The software system 162 is designed with a communication subsystem 31, a virtual reality subsystem 32, a calculation and control subsystem 33, and a training management database subsystem 34, as shown in fig. 3. The communication subsystem 31 is configured to establish a data channel for the constructed local area network; the virtual reality subsystem 32 transmits virtual scene data to the interaction module j3 through the communication subsystem 31; the calculation and control subsystem 33 is used for analyzing the posture of the operator and the launching result of the virtual projectile and outputting an evaluation result; the training management database subsystem 34 is used for storing training process and evaluation result information.

The virtual reality subsystem 32 includes a background virtual module 321, an explosion virtual module 322, an ambient climate characteristics module 323, a sound effects virtual module 324, a scope usage virtual module 325, and a target virtual module 326. The background virtual module 321 is used for simulating an environment image in real training including a transmitter; the explosion virtual module 322 is used for simulating images of different types of grenades in real training during explosion; the environmental climate characteristic module 323 is used for simulating the climate characteristics in real training; the sound effect virtual module 324 is used for simulating sound effects during explosion of various types of grenades and environmental climate characteristic sound effects; the scope uses a virtual module 325 for providing auxiliary shooting functionality; target virtual module 326 is used to simulate a virtual enemy target. The default option 320 is a default value for the virtual reality subsystem 32.

As shown in fig. 4-7, the background environments that the background virtual module 321 can simulate include a plain mode 3211, a mountain mode 3212, a pillbox mode 3213, a trench mode 3214; the types of grenades that the explosion virtual module 322 can simulate include a grenade killing mode 3221, a grenade burning mode 3222, a high grenade blasting mode 3223, a grenade breaking and smoking mode 3224, a grenade lighting mode 3225, a grenade training mode 3226, and a programmable grenade mode 3227; the climate characteristics that the environmental climate characteristic module 323 can simulate include a spring mode 3231, a summer mode 3232, a fall mode 3233, a winter mode 3234, and a complex weather situation 3235 in different climate combinations; the types of targets that can be simulated by target virtual module 326 include fixed-point target mode 3261, moving target mode 3262. The default option 320 is a default value of the virtual reality subsystem 32, specifically, the background is virtualized as a plain mode 3211, the explosion is virtualized as a grenade killing mode 3221, the climate is virtualized as a spring mode 3231, and the target is virtualized as a fixed point target mode 3261.

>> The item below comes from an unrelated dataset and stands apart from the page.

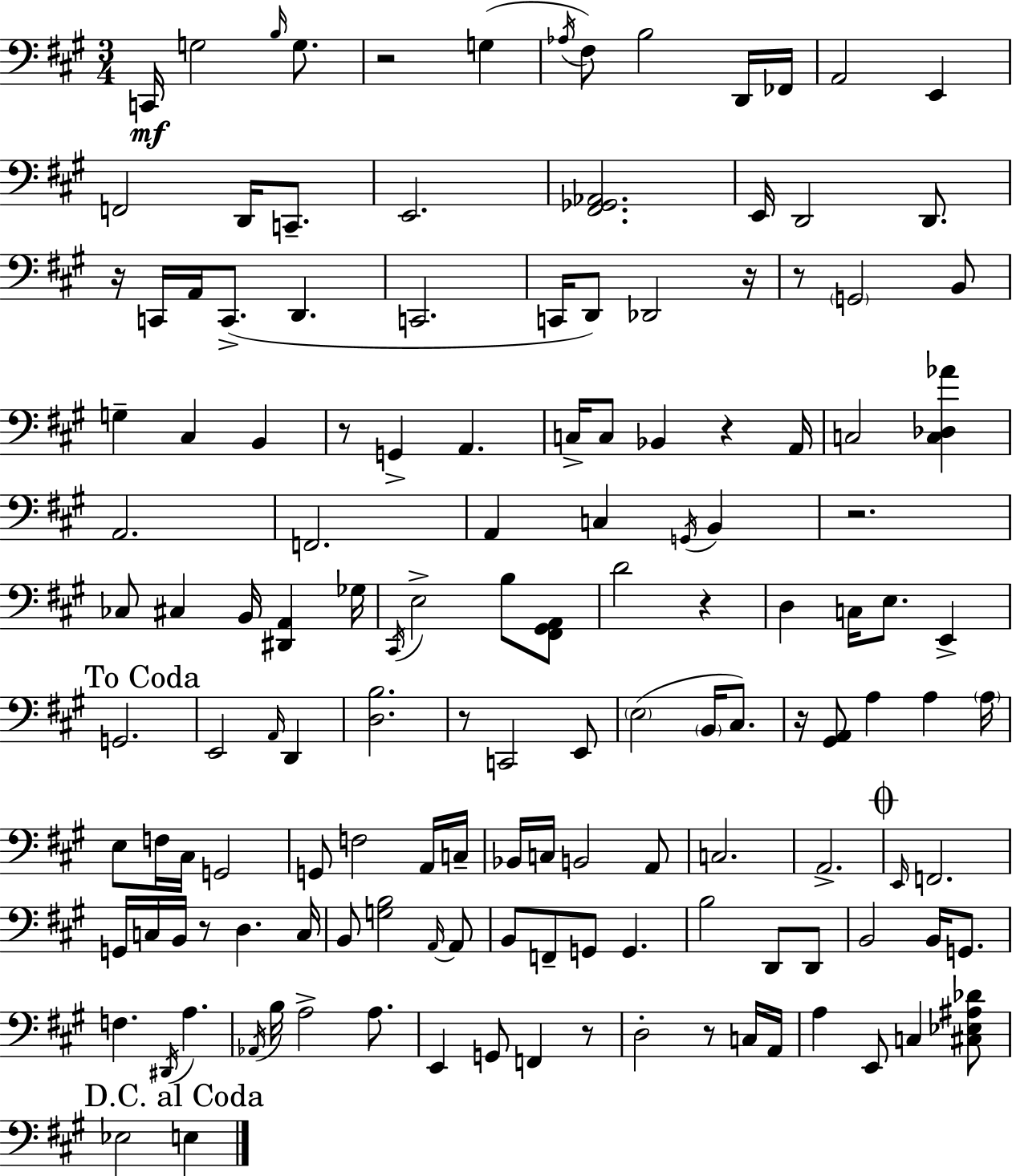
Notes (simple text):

The computer control subsystem 33 comprises a pose calculation module 331, a trajectory calculation module 332 and a comprehensive evaluation module 333. The pose calculation module 331 is configured to monitor pose characteristic parameters of the wearer during training, where the measurable pose characteristic parameters include a foot distance, an arm distance, and a relative distance from the launcher module j1 when the wearer holds the launcher; the trajectory calculation module 332 is configured to calculate a trajectory characteristic curve of trajectory flight and analyze a final hit data result to the target along the curve. The comprehensive evaluation module 333 is used for recording information of comprehensively analyzing pose characteristic parameters, flight track characteristic parameters and hit rate.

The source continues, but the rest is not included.